Records provided:
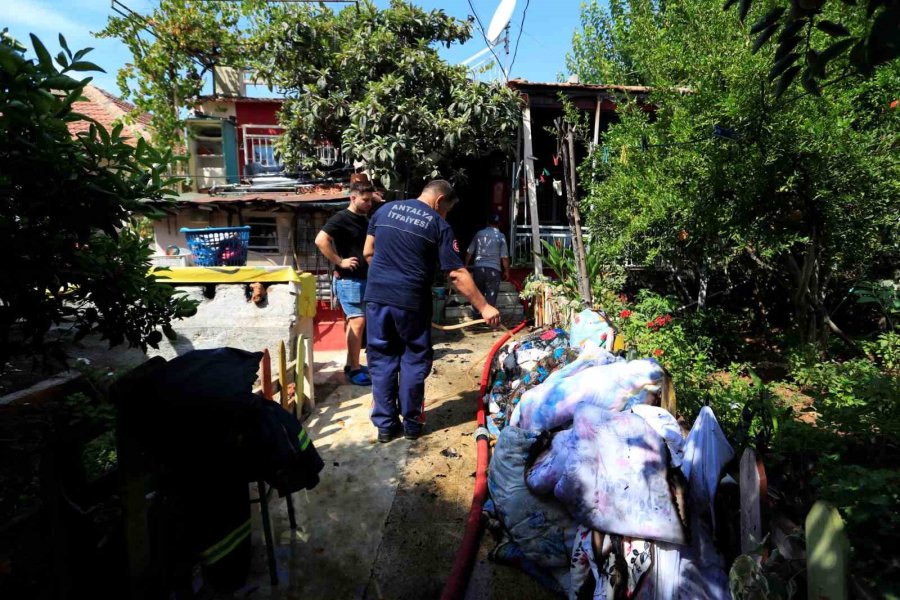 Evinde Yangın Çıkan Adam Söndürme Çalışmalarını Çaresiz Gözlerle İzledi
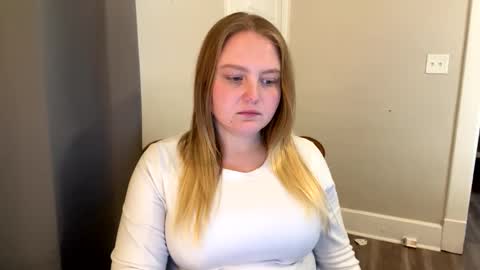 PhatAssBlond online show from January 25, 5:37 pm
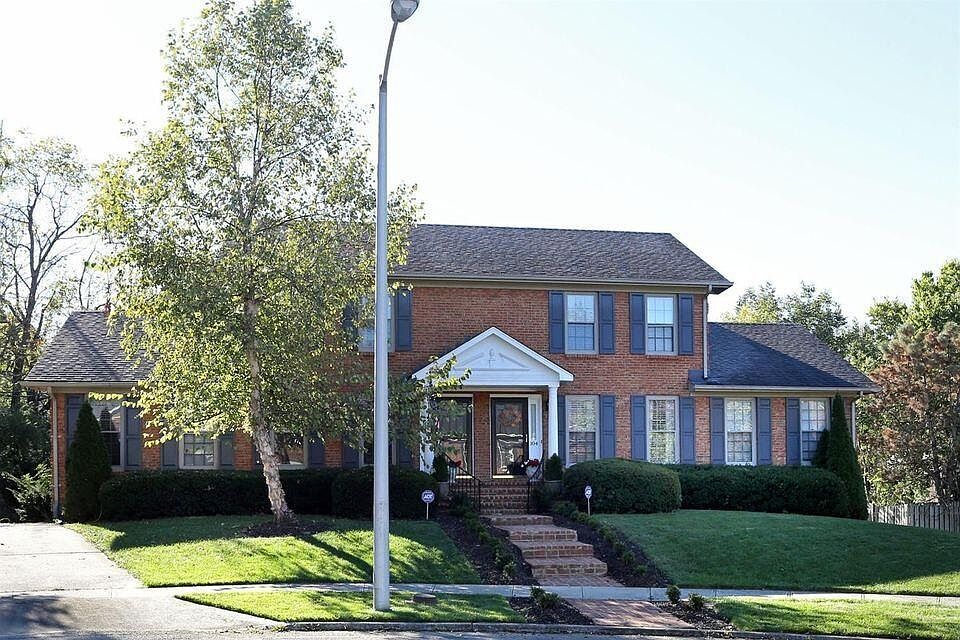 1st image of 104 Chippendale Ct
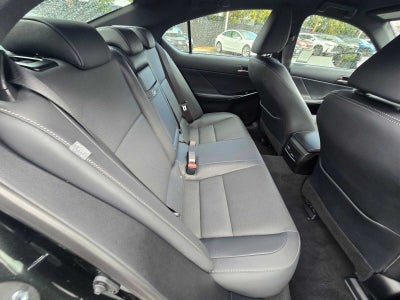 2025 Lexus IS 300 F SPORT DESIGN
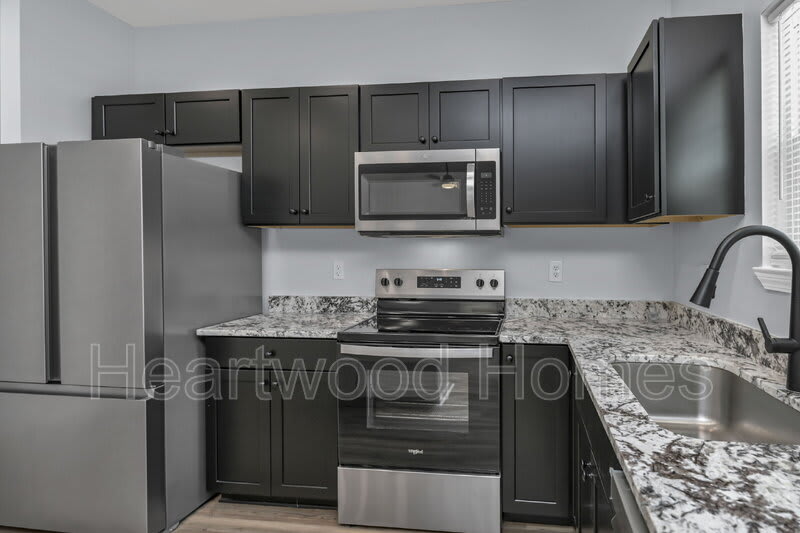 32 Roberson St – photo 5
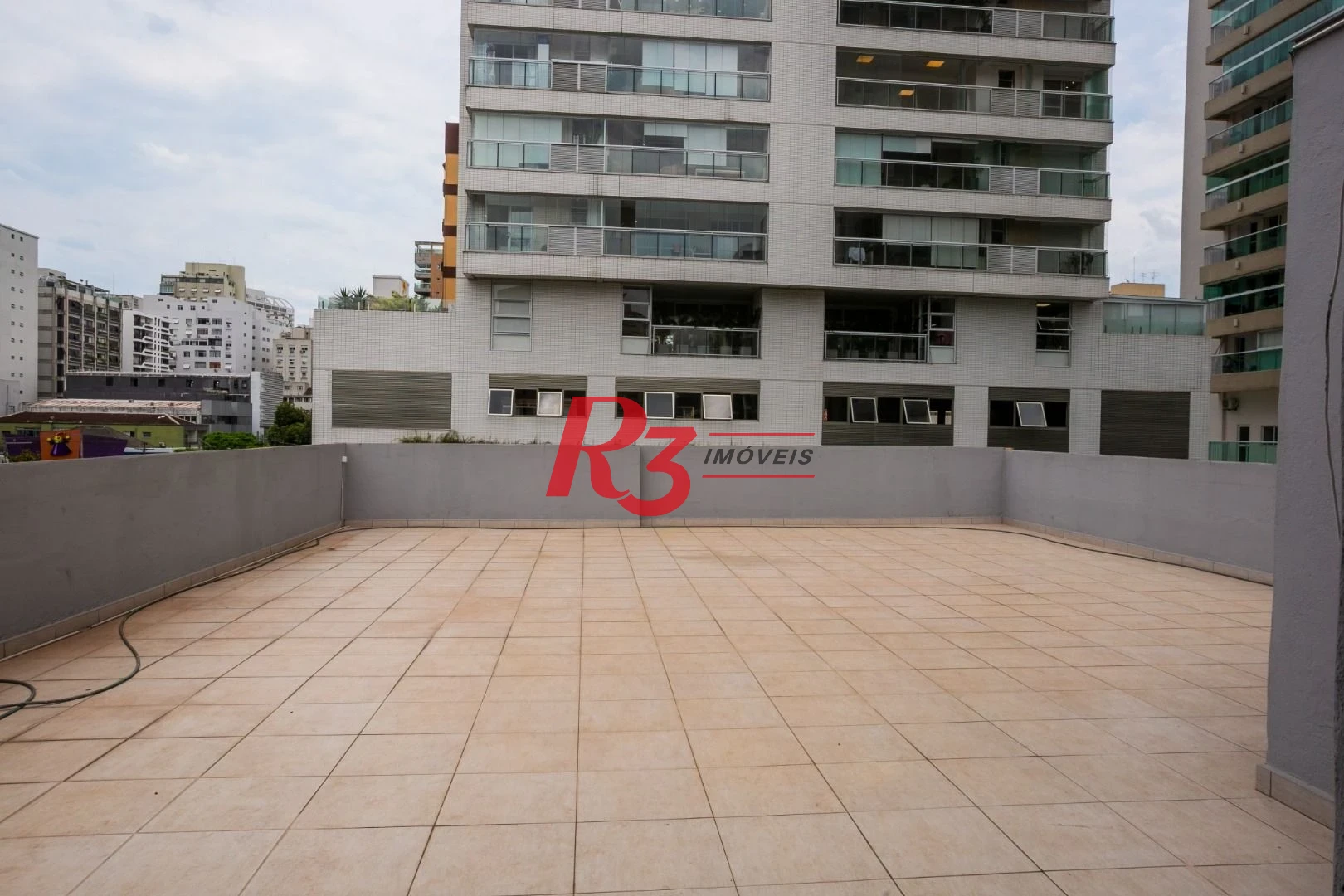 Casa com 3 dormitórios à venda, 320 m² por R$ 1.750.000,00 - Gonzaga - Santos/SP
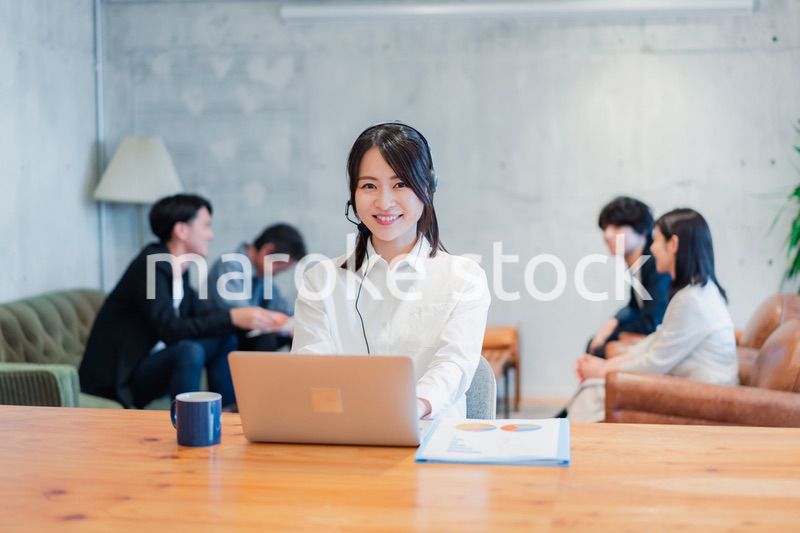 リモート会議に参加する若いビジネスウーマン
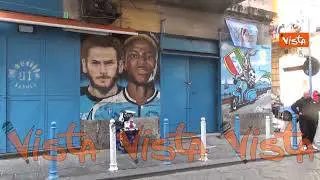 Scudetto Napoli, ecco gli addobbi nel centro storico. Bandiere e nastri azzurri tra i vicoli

* * *

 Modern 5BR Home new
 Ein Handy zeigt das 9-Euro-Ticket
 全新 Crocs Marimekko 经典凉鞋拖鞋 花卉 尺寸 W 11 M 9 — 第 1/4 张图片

How to complete this task: Working from the data above, repeat exactly, and only, the lines that begin at the line containing "Evinde Yangın Çıkan" and stop after the line containing "Scudetto Napoli, ecco"; pictures are not copied.

Task solution:
 Evinde Yangın Çıkan Adam Söndürme Çalışmalarını Çaresiz Gözlerle İzledi
 PhatAssBlond online show from January 25, 5:37 pm
 1st image of 104 Chippendale Ct
 2025 Lexus IS 300 F SPORT DESIGN
 32 Roberson St – photo 5
 Casa com 3 dormitórios à venda, 320 m² por R$ 1.750.000,00 - Gonzaga - Santos/SP
 リモート会議に参加する若いビジネスウーマン
 Scudetto Napoli, ecco gli addobbi nel centro storico. Bandiere e nastri azzurri tra i vicoli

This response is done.